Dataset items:
-- Opening Marker --

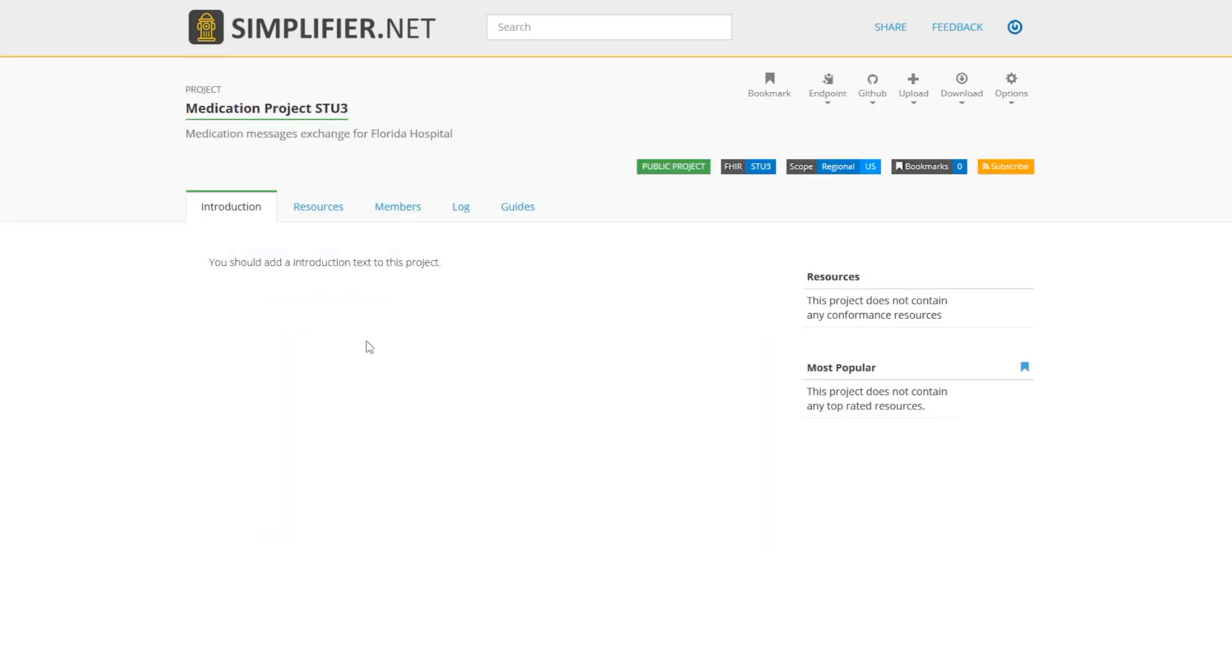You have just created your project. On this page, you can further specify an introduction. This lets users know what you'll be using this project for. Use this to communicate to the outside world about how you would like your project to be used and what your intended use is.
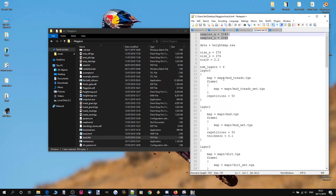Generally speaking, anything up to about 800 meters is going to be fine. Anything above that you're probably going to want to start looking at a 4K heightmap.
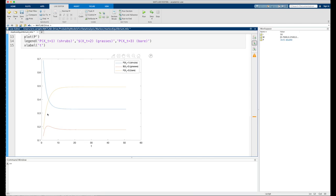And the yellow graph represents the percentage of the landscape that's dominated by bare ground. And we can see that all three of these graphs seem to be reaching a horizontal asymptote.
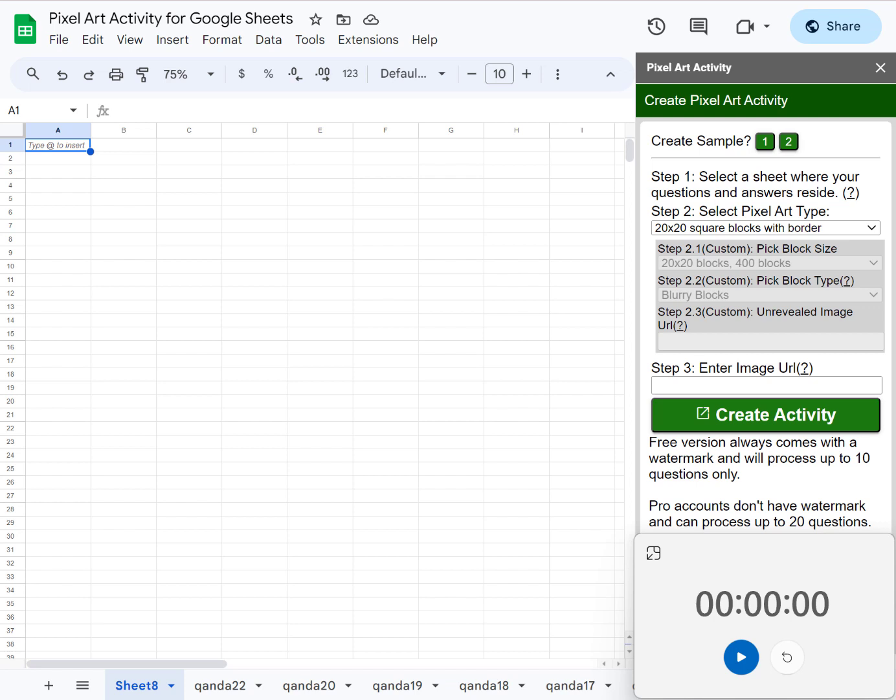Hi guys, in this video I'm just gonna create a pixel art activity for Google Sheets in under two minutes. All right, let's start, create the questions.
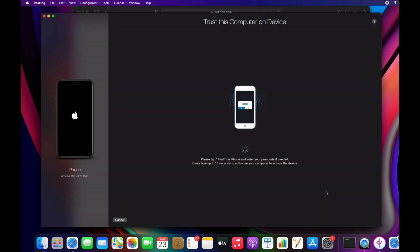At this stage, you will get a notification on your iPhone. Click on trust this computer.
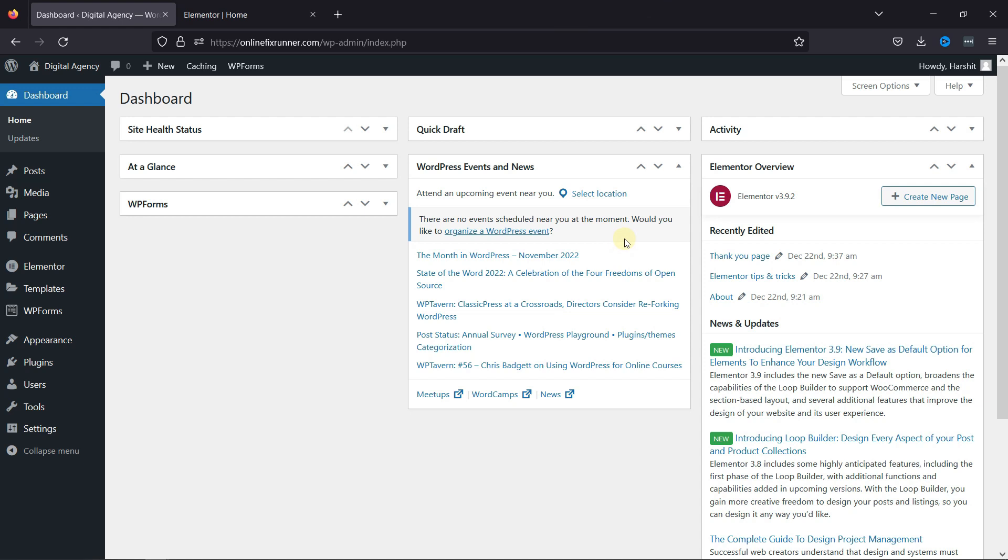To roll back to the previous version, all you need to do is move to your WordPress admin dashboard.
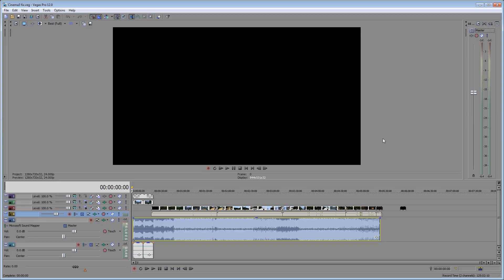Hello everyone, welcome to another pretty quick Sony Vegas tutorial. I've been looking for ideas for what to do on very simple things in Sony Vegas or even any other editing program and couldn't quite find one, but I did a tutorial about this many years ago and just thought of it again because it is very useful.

-- Closing Marker --

The line holding "At this stage, you" starts the copy and the line holding "To roll back" ends it. Repeat those two lines above and all between them exactly, leaving out pictures.

SOLUTION:
At this stage, you will get a notification on your iPhone. Click on trust this computer.
To roll back to the previous version, all you need to do is move to your WordPress admin dashboard.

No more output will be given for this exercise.